A kilogramme of (Irish) potato seeds has increased to Rwf700 from between Rwf400 and Rwf500 in the last farming season which ended in February 2020, according to the Federation of Irish Potato farmers’ cooperatives in Rwanda.
If a kilogramme of potato seeds is Rwf700, a farmer has to invest about Rwf1.4 million per a hectare because an estimated 2,000 kilogrammes (two tonnes) of the seeds are needed per a hectare, according to data from the Rwanda Agriculture Board.
Yet, a kilogramme of potato produce [for consumption] is usually around Rwf200.
Figures from the Seasonal Agricultural Survey – 2020 Season A by the National Institute of Statistics of Rwanda show that eight tonnes of potatoes were produced per hectare.
That would make about Rwf1.6 million. If production costs including fertilisers, labour force, as well as pesticides and fungicides are factored in, too little is left for the farmer to benefit.
Speaking to The New Times, Vincent Havugimana, the President of the Federation of Irish Potato farmers’ cooperatives in Rwanda said that the shortage of potato seeds is a concern for farmers and it needs to be addressed.
“There has been a shortage of potato seeds, with a kilogramme costing Rwf700 compared to between Rwf400 and Rwf500 in the previous season. Seed multipliers are few, while potato produce went down [in the last farming season],” Havugimana said.

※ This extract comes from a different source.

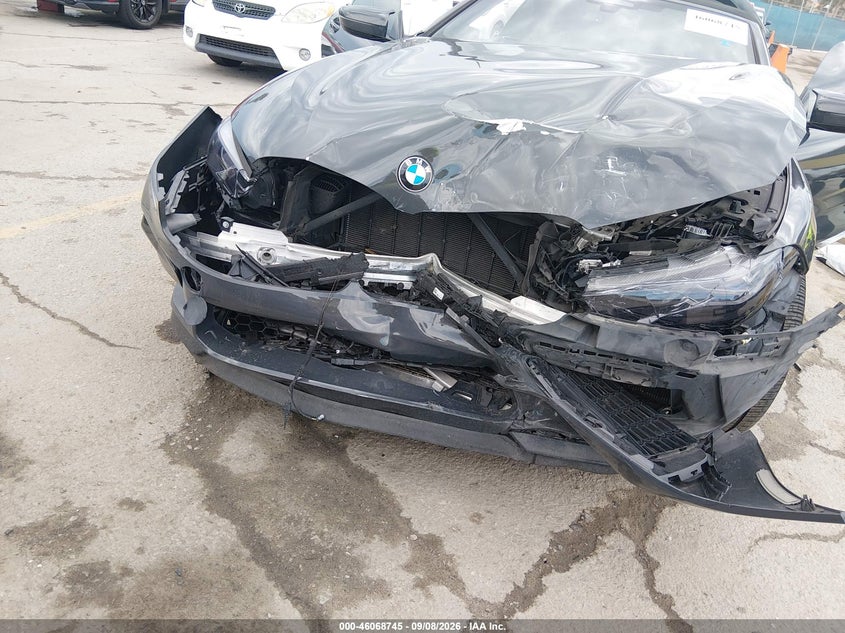 BMW M8 - zdjęcie 6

He called for scaled up efforts to increase seed production and availability to farmers through promoting seed multiplication, highlighting the need for research development to come up with new and highly productive potato varieties.

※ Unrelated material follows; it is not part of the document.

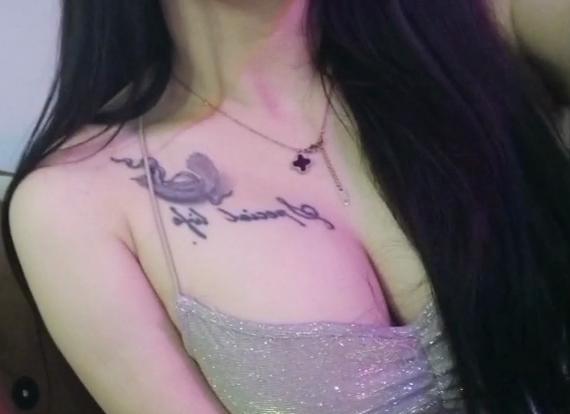 大连甘区周水前东特购物广场极品妹子人美奶大温柔绝佳体验 第2张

“Available seeds are generally old which make them less productive. Meanwhile, there are about eight new potato seed varieties which were developed, but they are not accessible to farmers as they are still more at multiplication level,” he said.
The President of Seed Potato Fund (SPF) Ikigega, Apollinaire Karegeya, told The New Times that limited availability of potato seeds is partly attributed to a low number of people engaged in production.

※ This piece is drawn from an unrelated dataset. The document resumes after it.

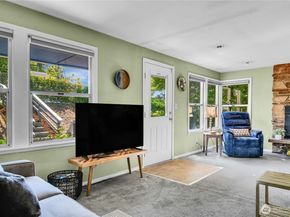 128 NE 174th Street, Shoreline WA 98155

SPF Ikigega carries out potato seed multiplication. It has between 200 and 240 multipliers in 10 districts in which it operates.
Karegeya said that the Fund sold about 600 tonnes of seeds to farmers at between Rwf500 and Rwf600, depending on variety, in the concluding farming season B of 2020.
“For one to be allowed to engage in the potato seed multiplication business, they are required to have at least a consolidated five-hectare piece of land. Yet, some people have half a hectare of land, which means they fall short of that requirement,” he said.
He indicated such a criterion is intended to ensure that seeds meet standards through isolating the multiplication field from nearby farms in order to protect it from diseases, or other undesired agents.
Another factor that Karegeya said contributes to the seed issue is a lack of proper planning among some farmers who seek potato seeds just the day they want to plant, yet, such seeds take eight months to be ready.
“It seems as though some farmers think that potato seeds are like commodities regularly found in shops. Farmers should place orders for seeds so that multipliers know the amount of seeds they have to produce for them,” he said.